Required work: Pick out all lines in the listing holding the string "Green" and copy them.

Data supplied:
[Start of section]

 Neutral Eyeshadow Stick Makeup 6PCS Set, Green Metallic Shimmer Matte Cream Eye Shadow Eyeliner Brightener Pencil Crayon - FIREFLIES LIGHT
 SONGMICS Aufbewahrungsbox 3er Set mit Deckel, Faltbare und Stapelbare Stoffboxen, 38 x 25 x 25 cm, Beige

[End of section]
[Start of section]

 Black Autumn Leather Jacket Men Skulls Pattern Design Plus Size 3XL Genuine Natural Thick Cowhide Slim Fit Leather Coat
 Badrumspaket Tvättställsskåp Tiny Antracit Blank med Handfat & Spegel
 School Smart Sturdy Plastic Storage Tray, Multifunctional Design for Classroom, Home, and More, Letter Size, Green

[End of section]
[Start of section]

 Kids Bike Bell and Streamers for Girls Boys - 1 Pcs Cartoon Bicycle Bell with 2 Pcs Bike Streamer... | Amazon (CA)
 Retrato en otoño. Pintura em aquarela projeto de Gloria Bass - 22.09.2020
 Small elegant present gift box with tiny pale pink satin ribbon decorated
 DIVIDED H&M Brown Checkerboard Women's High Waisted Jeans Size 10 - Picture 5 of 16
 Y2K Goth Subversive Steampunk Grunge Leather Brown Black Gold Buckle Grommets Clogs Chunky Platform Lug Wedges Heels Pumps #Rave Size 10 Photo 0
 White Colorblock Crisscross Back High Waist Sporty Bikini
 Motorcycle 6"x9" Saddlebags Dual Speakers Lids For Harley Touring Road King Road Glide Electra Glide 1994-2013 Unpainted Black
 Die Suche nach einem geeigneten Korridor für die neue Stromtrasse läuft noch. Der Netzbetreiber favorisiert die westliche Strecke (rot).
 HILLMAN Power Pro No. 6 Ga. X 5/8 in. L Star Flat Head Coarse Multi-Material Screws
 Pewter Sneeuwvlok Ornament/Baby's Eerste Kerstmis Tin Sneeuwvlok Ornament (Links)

[End of section]

Exercise answer:
 Neutral Eyeshadow Stick Makeup 6PCS Set, Green Metallic Shimmer Matte Cream Eye Shadow Eyeliner Brightener Pencil Crayon - FIREFLIES LIGHT
 School Smart Sturdy Plastic Storage Tray, Multifunctional Design for Classroom, Home, and More, Letter Size, Green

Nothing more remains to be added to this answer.